Murat ÇETİN / Diriliş Postası Gazetesi

Hristiyan dünyasında rablık yalnızca Allah’a ait olmadı.

Önce İsa’ya (as) verildi.

Sonra Papa’ya…

Oradan da papazlara…

Ve sonuç?

Günah bağışlama, cennet vadetme ve dinî hükümleri değiştirme yetkisi ruhban sınıfının eline geçti.

Peki, İslam ne diyor?

Kur’an, bu anlayışı kesin bir dille reddediyor:

“Muhammed, sizin hiçbirinizin babası değildir; fakat o, Allah’ın Resûlü ve peygamberlerin sonuncusudur.” (Ahzab 40)

Bu ayet, İslam’da ruhani otoritenin bir “babalık” sistemine dayanmadığını açıkça ortaya koyuyor.

Ama bugün…

Benzer bir anlayış, bazı tasavvufî çevrelerde yaşanmıyor mu?

Bazı tarikatlarda şeyhlere mutlak tasarruf yetkisi atfediliyor.
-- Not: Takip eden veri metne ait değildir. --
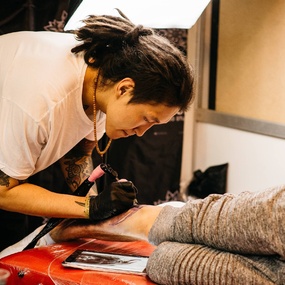 International Moscow Tattoo Week 2018 | Day 1 | 14 September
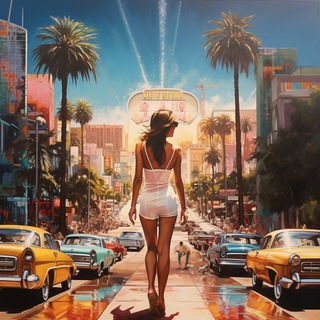 Логотип @news_from_hollywood - Новости Голливуда 🤩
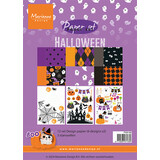 Marianne Design Halloween A5 Paper Set (PK9198)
Onların izni olmadan tövbenin kabul edilmeyeceğine, onların himayesi olmadan cennete girilemeyeceğine inanılıyor.

Bazı kişiler, müridlerini “teslimiyet” adı altında şahsi otoritelerine mahkûm ediyor.

Oysa İslam, insanın doğrudan Allah’a yönelmesini emrediyor.

Kur’an, peygamber için bile “baba değildir” diyerek bu tür ruhani otoriteleri reddediyor.

Bediüzzaman Said Nursî, 21. Lem’a’da meseleyi net bir şekilde ortaya koyuyor:

“Mesleğimizde baba ile oğul, şeyh ile mürid münasebeti yoktur.”

İslam’da kimse, Allah ile kul arasına giremez.

Kimse, bir başkasının günahını affedemez.

Kimse, cenneti veya cehennemi vadedemez.

• Uluhiyet yalnızca Allah’a aittir.

• Rububiyet de hiçbir insana verilmez.

• Kur’an, peygamber için bile “baba değildir” diyerek ruhani otoriteleri reddetmiştir.

• İslamiyette şeyh-mürid ilişkisi, bir baba-oğul ilişkisi değildir.

• Bazı tasavvufî çevrelerde şeyhlere mutlak tasarruf yetkisi verilmesi, İslam’ın rububiyet anlayışıyla çelişir.

İslam, insanın doğrudan Allah’a yönelmesini emreder.

Tevhid inancı, Allah ile kul arasına kimsenin giremeyeceğini bildirir.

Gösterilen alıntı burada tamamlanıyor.